* _Recorded information_
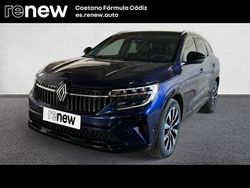 Azul Usado 2024 Renault Espace Techno Familiar | 31.500 € (Precio justo)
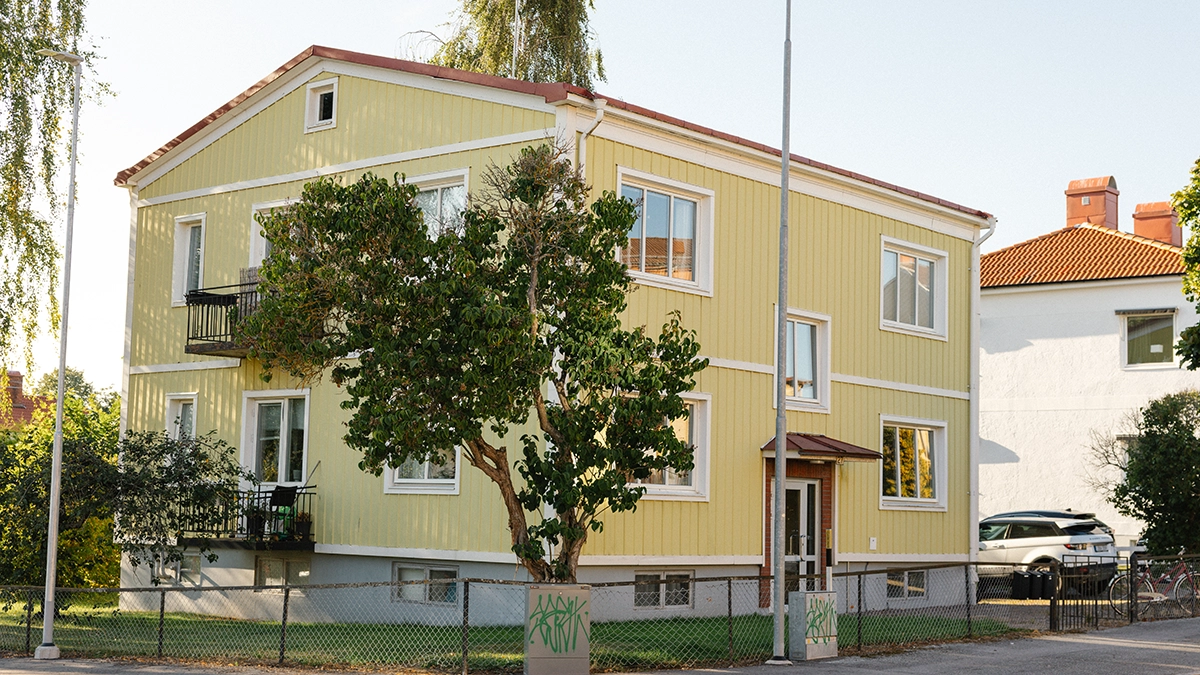 Ringaren 6, Borgmästaregatan, Motala, Svanen Fastigheter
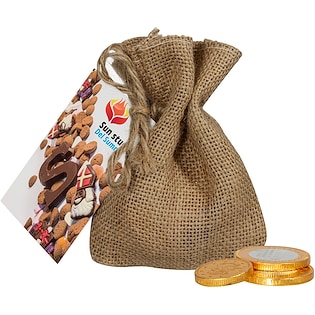 Suklaakolikko Treasure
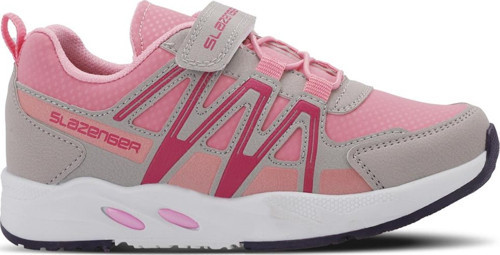 ELIPS Kız Çocuk Sneaker Ayakkabı Gri / Pembe
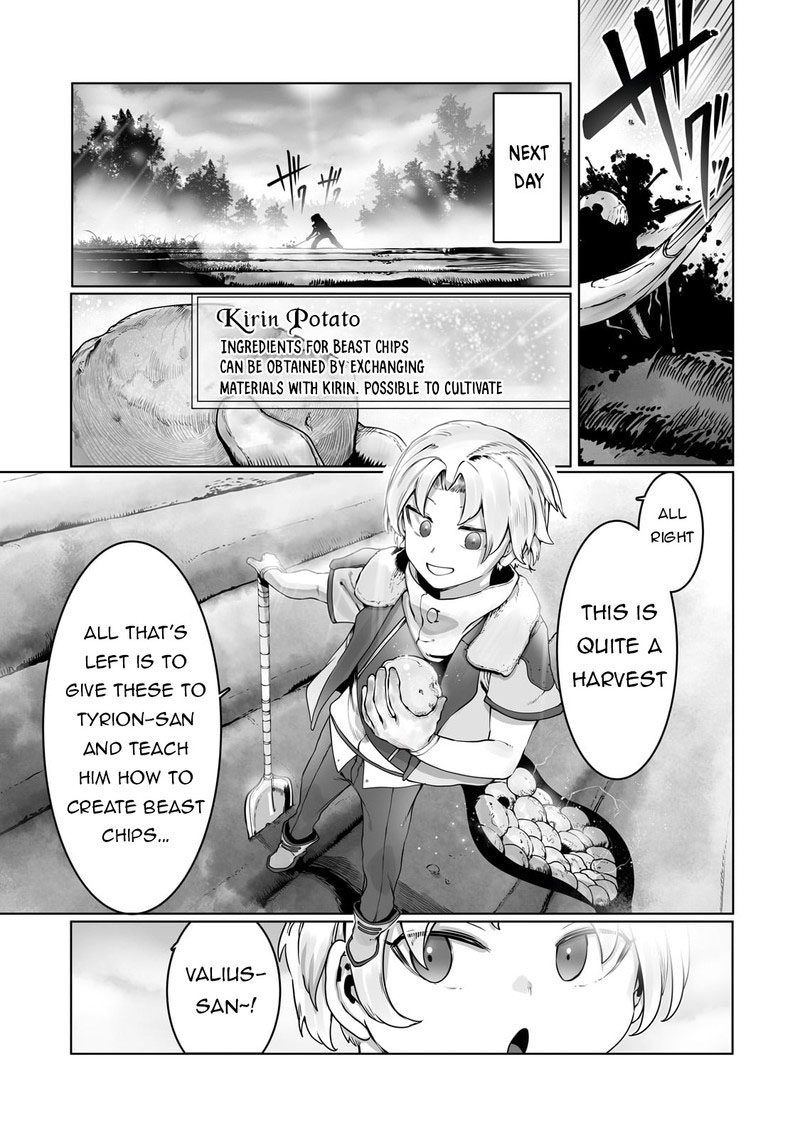 The Useless Tamer Will Turn into the Top Unconsciously by My Previous Life Knowledge Chapter 33 - Page 15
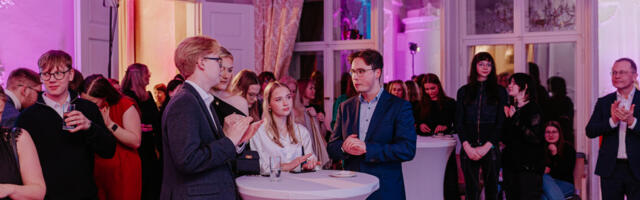 Tartu tunnustas 2024. aasta tublimaid noortevaldkonna tegijaid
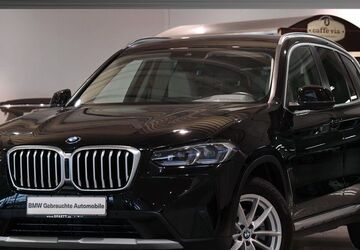 BMW X3 96.046 km 32.500 &euro; Ismaning 85737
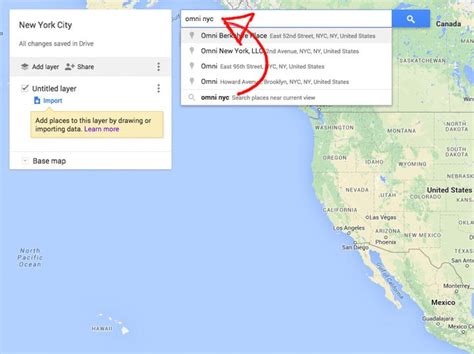 How To Create A Custom Travel Map With Google Maps New Google My Maps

* _Task to complete_
If any entry holds a picture, drop the picture and copy everything else exactly.

* _Solution for this task_
 Azul Usado 2024 Renault Espace Techno Familiar | 31.500 € (Precio justo)
 Ringaren 6, Borgmästaregatan, Motala, Svanen Fastigheter
 Suklaakolikko Treasure
 ELIPS Kız Çocuk Sneaker Ayakkabı Gri / Pembe
 The Useless Tamer Will Turn into the Top Unconsciously by My Previous Life Knowledge Chapter 33 - Page 15
 Tartu tunnustas 2024. aasta tublimaid noortevaldkonna tegijaid
 BMW X3 96.046 km 32.500 &euro; Ismaning 85737
 How To Create A Custom Travel Map With Google Maps New Google My Maps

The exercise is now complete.